Ginko vai embora sem se despedir da mulher, seu potencial interesse romântico,
e ainda que talvez ele não a correspondesse plenamente, evitar a despedida
demonstra o afeto e os laços que gradativamente estavam o vinculando àquele
local. A história termina bem, mas o tom ainda é melancólico. Como comentei, a
efemeridade da natureza humana é o que provoca esse sentimento, e como é
difícil lidar com rupturas, perdas e se adaptar a novas perspectivas. Para
Ginko, partir é necessário por ser um andarilho impossibilitado de permanecer
num mesmo local por muito tempo, mas também por presar a sua liberdade. Ficar
num local por muito tempo lhe garante estabilidade, segurança e laços afetivos,
mas lhe restringiria a imensa liberdade e conhecimento que possui. Faz parte do
ser humano conviver com a dualidade frente a uma eminente perda.

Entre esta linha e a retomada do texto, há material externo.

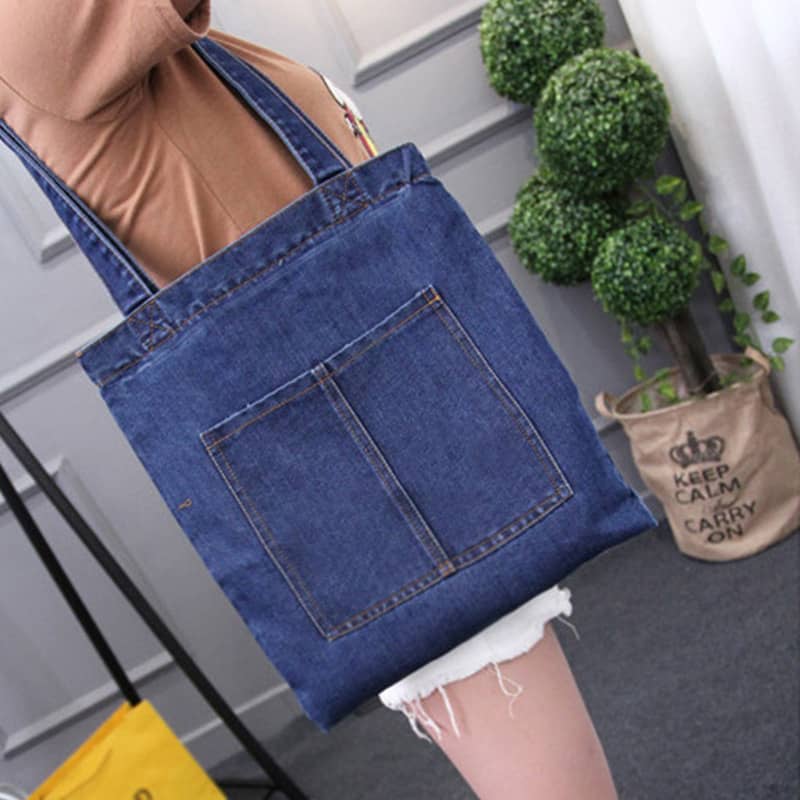 Casual street canvas denim shoulder bag  | IFAUN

Mushishi é uma adaptação do mangá homônimo de Hiroshi
Nagahama, já encerrado em 9 volumes. O anime, dirigido com pulsos firmess por Hiroshi
Nagahama (Aku no Hana), cobre cerca
de metade do mangá e desenvolve histórias originais. São sempre contos
episódicos, sem uma relação direta entre eles, a não ser pela participação de
Ginko. Apesar disso, a narrativa tem uma excelente progressão, e mesmo em
episódios que claramente se passam em tempos passados, sente-se um ótimo senso
de continuidade na storytelling. Mesmo sem uma relação direta, todos se
conectam entre si criando uma linearidade curiosa. Digo isto porque a narrativa
não se preocupa em definir tempo. O tempo em que a história acontece é bastante
vago, mas sabe-se que é em algum momento no Japão feudal do século XIX, nas
áreas rurais, entre as eras Edo e Meiji. Era uma época que os países se
desenvolviam tecnologicamente, mas o Japão permanecia fechado para o mundo e
sua influência.
Mushi-Shi é uma obra com muitos detalhes na construção
gráfica do seu cenário e design dos personagens. Homens e mulheres usam roupas
tradicionais, yukatas, uma veste mais simples em relação aos kimonos, que são
caros e por um longo tempo esteve relacionado à nobreza. Até o fim da Segunda
Guerra Mundial, ainda era muito comum moradoras da zona rural usando yukatas. Você
nunca vê algum personagem trajando kimono, são todos muito humildes e pobres. É
curioso ver os homens embaixo do sol com aquelas “saias” enormes, capinando. Dificilmente
se vê um looking diferente do tradicional nos personagens, e uma das raras
exceções é justamente Ginko, que mais se assemelha a um ocidental com suas
vestes despojadas e cabelos brancos.
Ginko, estilisticamente, se sobressai a todos os personagens.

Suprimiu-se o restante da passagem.